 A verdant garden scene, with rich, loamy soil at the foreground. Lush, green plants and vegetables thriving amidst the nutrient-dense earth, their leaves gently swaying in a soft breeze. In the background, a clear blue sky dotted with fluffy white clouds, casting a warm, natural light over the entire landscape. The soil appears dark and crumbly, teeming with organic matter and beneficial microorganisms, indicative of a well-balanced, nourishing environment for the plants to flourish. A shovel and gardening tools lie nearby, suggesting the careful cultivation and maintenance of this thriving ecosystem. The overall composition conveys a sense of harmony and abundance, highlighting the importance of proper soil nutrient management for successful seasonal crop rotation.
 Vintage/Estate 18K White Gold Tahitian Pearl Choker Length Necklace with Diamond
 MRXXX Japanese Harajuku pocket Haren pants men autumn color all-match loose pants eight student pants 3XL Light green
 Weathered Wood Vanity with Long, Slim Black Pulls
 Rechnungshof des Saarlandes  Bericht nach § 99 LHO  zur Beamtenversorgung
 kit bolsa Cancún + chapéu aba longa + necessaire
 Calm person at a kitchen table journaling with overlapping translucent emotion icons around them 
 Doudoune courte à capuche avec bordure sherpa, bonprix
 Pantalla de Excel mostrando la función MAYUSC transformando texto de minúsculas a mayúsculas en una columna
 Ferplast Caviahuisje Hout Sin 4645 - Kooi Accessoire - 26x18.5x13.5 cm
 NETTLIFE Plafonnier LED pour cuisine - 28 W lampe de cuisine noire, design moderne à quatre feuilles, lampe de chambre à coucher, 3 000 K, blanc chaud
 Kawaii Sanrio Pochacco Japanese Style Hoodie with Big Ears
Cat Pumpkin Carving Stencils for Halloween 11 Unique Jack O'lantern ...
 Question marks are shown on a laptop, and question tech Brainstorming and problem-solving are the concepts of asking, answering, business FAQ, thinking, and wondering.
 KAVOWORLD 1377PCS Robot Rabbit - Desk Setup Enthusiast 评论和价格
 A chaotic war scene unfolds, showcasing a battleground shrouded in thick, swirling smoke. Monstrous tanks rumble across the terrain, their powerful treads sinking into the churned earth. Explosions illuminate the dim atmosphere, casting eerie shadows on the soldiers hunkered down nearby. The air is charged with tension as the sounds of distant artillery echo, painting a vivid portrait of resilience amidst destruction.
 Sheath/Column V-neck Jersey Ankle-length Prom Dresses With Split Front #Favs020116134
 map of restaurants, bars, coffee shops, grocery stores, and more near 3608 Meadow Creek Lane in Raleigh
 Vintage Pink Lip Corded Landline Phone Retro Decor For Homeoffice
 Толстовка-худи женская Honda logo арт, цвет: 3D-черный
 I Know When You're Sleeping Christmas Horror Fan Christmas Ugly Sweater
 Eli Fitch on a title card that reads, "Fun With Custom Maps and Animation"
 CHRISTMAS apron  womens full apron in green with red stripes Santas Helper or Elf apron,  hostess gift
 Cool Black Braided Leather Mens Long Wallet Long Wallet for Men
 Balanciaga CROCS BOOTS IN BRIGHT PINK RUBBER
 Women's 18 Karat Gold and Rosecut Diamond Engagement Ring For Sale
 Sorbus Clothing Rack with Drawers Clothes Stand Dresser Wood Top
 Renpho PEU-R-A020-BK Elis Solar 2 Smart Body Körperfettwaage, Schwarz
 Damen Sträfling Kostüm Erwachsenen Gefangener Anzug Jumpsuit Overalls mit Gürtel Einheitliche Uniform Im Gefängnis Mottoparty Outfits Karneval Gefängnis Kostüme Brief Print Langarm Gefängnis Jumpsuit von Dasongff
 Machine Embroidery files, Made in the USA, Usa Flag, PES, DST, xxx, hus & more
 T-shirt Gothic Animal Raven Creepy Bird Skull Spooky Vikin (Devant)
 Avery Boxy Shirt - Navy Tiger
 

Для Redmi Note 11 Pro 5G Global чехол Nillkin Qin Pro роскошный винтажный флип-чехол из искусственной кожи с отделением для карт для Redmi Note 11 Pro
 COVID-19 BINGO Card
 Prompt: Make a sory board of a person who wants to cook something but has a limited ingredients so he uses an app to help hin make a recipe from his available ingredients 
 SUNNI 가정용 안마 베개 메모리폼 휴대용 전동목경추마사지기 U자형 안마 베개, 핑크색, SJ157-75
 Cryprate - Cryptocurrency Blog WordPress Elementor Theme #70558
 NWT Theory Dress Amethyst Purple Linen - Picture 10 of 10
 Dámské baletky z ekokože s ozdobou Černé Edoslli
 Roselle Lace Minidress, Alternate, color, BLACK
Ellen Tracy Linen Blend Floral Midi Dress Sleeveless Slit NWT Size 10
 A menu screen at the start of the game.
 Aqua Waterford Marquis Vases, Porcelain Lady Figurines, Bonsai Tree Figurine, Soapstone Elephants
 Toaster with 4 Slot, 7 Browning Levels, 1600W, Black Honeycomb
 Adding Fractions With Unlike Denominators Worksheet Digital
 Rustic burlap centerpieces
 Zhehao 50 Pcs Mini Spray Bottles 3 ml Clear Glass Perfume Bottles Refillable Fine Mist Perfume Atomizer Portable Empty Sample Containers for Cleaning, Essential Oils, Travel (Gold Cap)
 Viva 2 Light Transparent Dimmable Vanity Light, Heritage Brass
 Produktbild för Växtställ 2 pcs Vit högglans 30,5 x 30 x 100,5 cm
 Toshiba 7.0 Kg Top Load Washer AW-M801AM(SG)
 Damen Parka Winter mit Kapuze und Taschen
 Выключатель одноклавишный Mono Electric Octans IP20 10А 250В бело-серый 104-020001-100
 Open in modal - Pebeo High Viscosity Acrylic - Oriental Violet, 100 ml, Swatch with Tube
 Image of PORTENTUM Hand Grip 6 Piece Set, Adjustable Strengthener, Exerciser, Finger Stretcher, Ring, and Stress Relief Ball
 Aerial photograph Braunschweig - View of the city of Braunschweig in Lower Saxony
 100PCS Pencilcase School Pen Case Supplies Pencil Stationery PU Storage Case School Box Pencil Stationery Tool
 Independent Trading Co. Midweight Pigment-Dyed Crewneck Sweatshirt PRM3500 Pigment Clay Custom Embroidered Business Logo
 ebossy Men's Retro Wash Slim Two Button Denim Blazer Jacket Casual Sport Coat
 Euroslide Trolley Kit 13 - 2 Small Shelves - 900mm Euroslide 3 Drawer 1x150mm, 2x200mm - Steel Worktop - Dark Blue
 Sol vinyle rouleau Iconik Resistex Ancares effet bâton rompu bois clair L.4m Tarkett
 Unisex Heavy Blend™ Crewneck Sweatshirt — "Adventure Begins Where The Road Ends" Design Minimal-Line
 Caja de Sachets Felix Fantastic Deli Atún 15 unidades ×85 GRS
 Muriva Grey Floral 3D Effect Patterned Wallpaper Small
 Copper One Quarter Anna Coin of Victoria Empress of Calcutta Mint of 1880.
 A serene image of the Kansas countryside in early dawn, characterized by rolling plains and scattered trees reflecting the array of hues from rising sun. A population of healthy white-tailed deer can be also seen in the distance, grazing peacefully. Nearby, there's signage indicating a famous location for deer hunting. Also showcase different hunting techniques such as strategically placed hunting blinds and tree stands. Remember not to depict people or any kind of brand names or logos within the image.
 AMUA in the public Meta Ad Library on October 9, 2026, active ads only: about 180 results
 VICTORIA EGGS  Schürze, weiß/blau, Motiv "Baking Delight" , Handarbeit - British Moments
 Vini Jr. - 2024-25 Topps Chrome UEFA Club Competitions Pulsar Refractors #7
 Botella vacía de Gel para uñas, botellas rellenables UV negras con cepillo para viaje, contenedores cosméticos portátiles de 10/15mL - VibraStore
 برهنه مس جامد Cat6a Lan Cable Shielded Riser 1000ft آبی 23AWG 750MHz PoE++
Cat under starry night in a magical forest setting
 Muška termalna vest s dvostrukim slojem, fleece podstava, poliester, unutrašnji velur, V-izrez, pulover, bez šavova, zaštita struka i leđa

ACTIVITY:
Every line of the listing that includes the word "Vintage" belongs in the answer.

REPLY:
 Vintage/Estate 18K White Gold Tahitian Pearl Choker Length Necklace with Diamond
 Vintage Pink Lip Corded Landline Phone Retro Decor For Homeoffice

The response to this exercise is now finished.